TASK DIRECTIONS: A faithful copy of all the data is the goal; omit the pictures.

Excerpts from a dataset:
—————

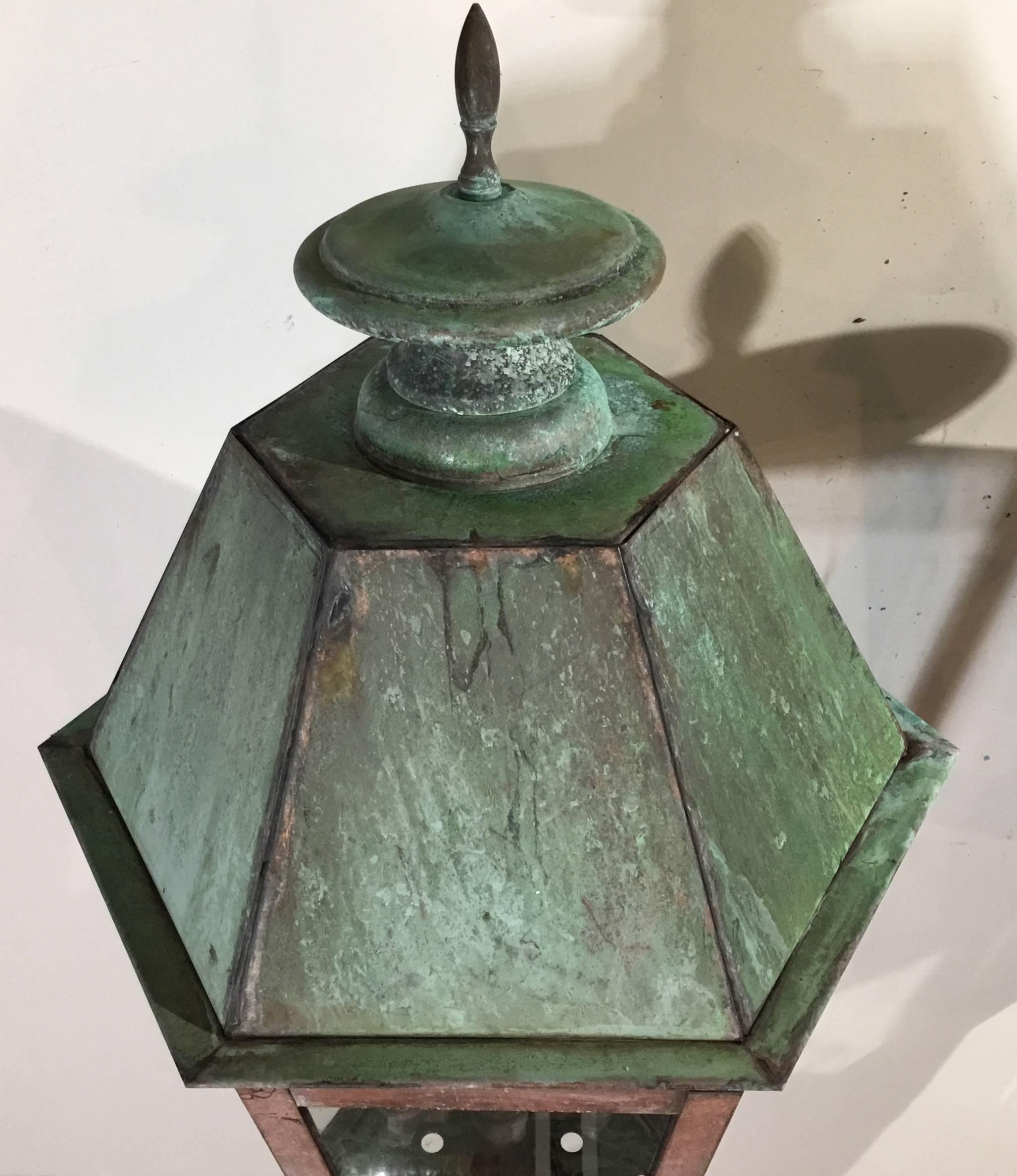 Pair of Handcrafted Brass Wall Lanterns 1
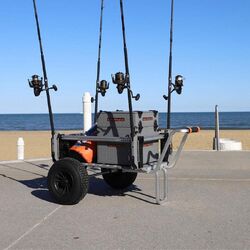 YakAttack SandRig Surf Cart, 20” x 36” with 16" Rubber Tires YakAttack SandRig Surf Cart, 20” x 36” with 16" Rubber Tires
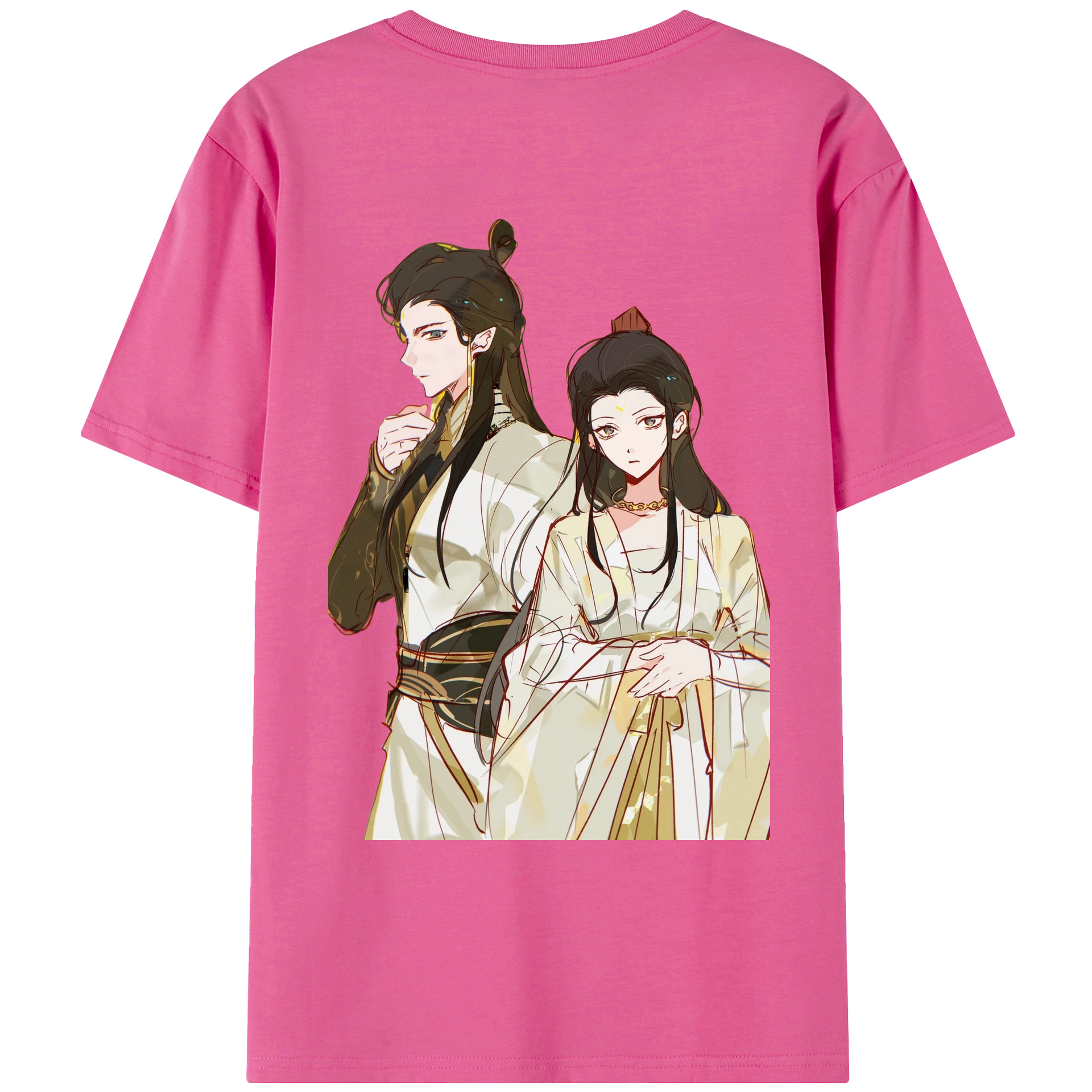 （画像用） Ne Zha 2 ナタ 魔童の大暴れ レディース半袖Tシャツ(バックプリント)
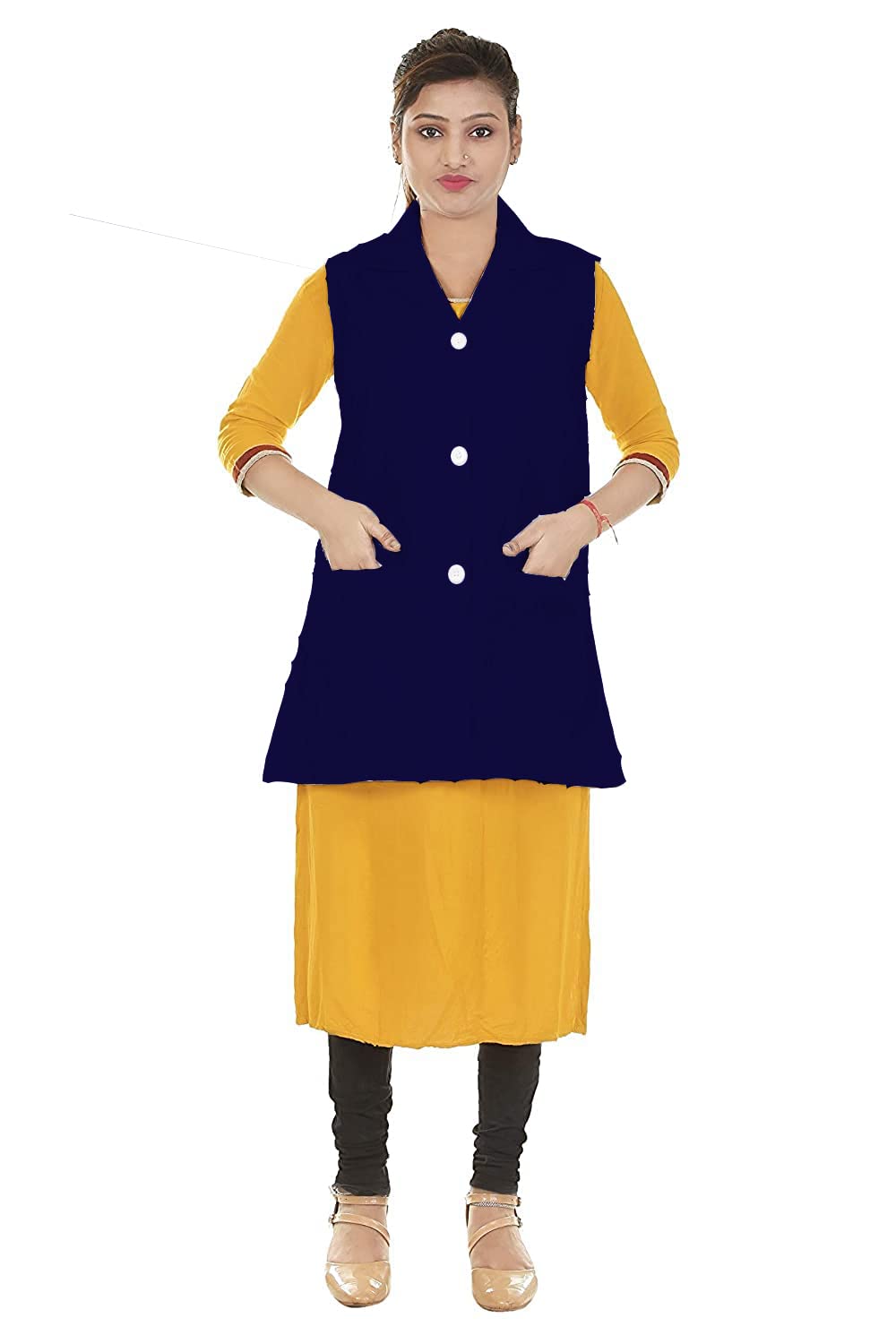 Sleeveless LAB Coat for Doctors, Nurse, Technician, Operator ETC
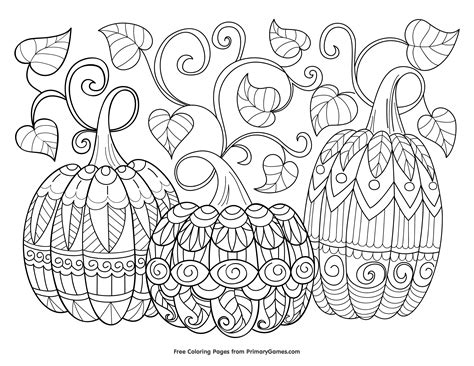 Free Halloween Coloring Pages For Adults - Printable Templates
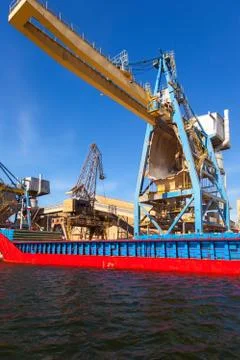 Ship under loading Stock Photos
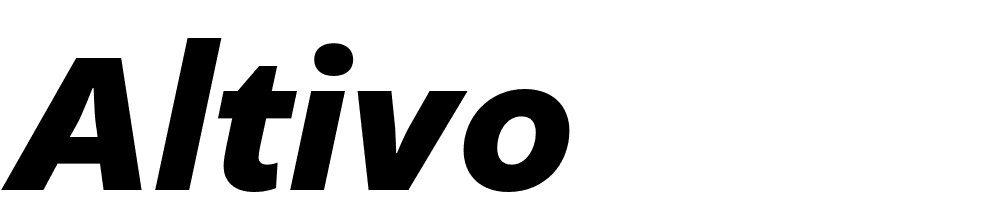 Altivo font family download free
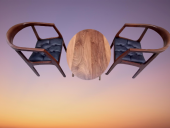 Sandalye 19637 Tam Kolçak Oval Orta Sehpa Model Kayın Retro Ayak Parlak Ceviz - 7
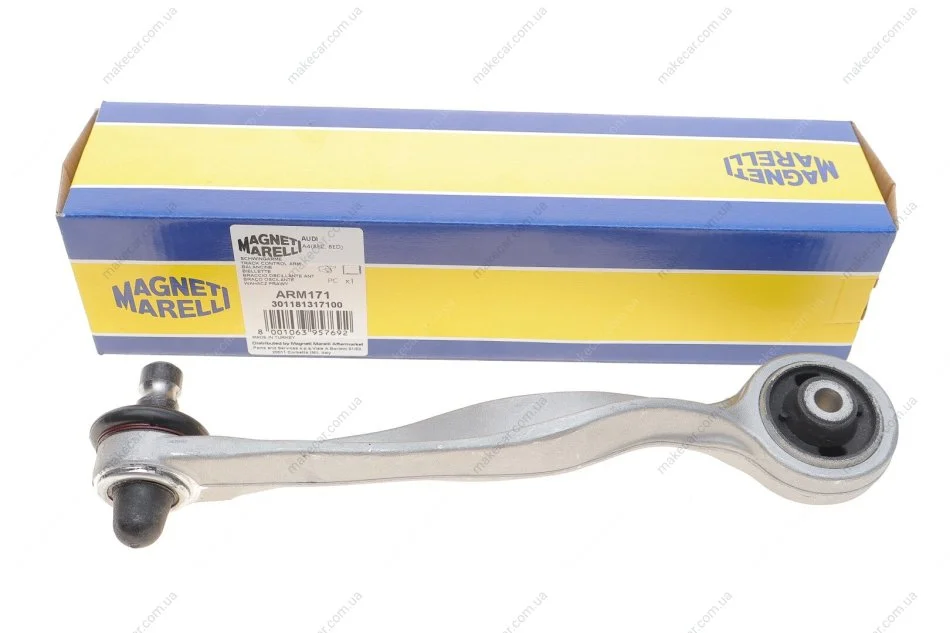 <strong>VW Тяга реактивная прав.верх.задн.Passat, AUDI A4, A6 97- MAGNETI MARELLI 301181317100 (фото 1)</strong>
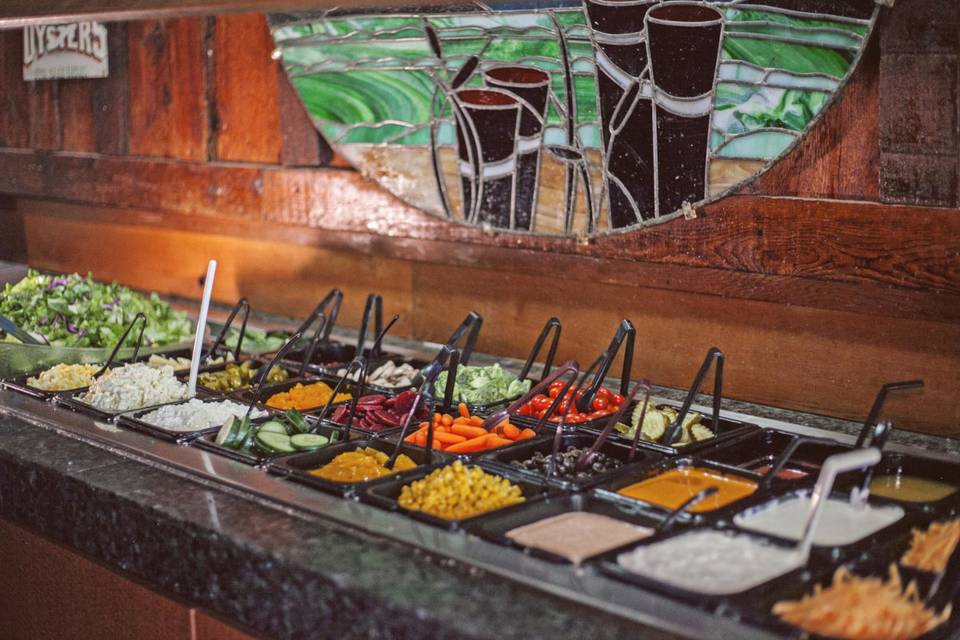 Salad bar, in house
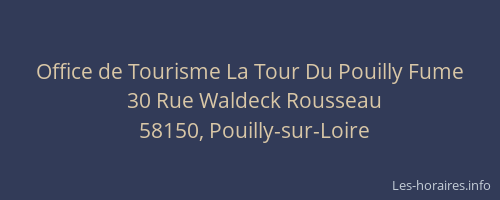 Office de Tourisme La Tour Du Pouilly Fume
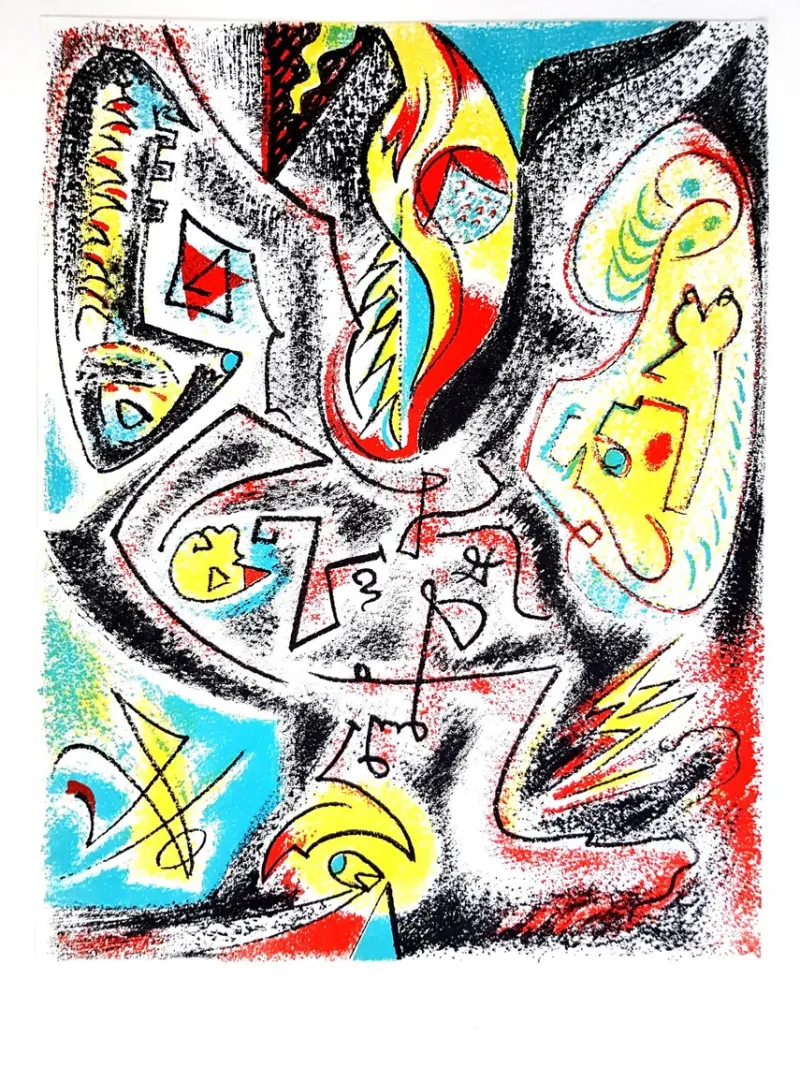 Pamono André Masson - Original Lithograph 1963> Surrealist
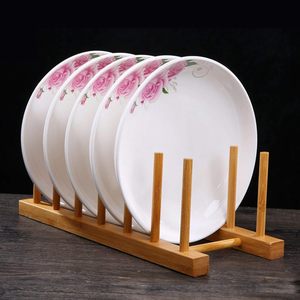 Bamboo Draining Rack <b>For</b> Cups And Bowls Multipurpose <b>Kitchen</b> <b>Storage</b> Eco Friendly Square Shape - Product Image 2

—————

ANSWER FOR THIS EXERCISE:
 Pair of Handcrafted Brass Wall Lanterns 1
 YakAttack SandRig Surf Cart, 20” x 36” with 16" Rubber Tires YakAttack SandRig Surf Cart, 20” x 36” with 16" Rubber Tires
 （画像用） Ne Zha 2 ナタ 魔童の大暴れ レディース半袖Tシャツ(バックプリント)
 Sleeveless LAB Coat for Doctors, Nurse, Technician, Operator ETC
 Free Halloween Coloring Pages For Adults - Printable Templates
 Ship under loading Stock Photos
 Altivo font family download free
 Sandalye 19637 Tam Kolçak Oval Orta Sehpa Model Kayın Retro Ayak Parlak Ceviz - 7
 <strong>VW Тяга реактивная прав.верх.задн.Passat, AUDI A4, A6 97- MAGNETI MARELLI 301181317100 (фото 1)</strong>
 Salad bar, in house
 Office de Tourisme La Tour Du Pouilly Fume
 Pamono André Masson - Original Lithograph 1963> Surrealist
 Bamboo Draining Rack <b>For</b> Cups And Bowls Multipurpose <b>Kitchen</b> <b>Storage</b> Eco Friendly Square Shape - Product Image 2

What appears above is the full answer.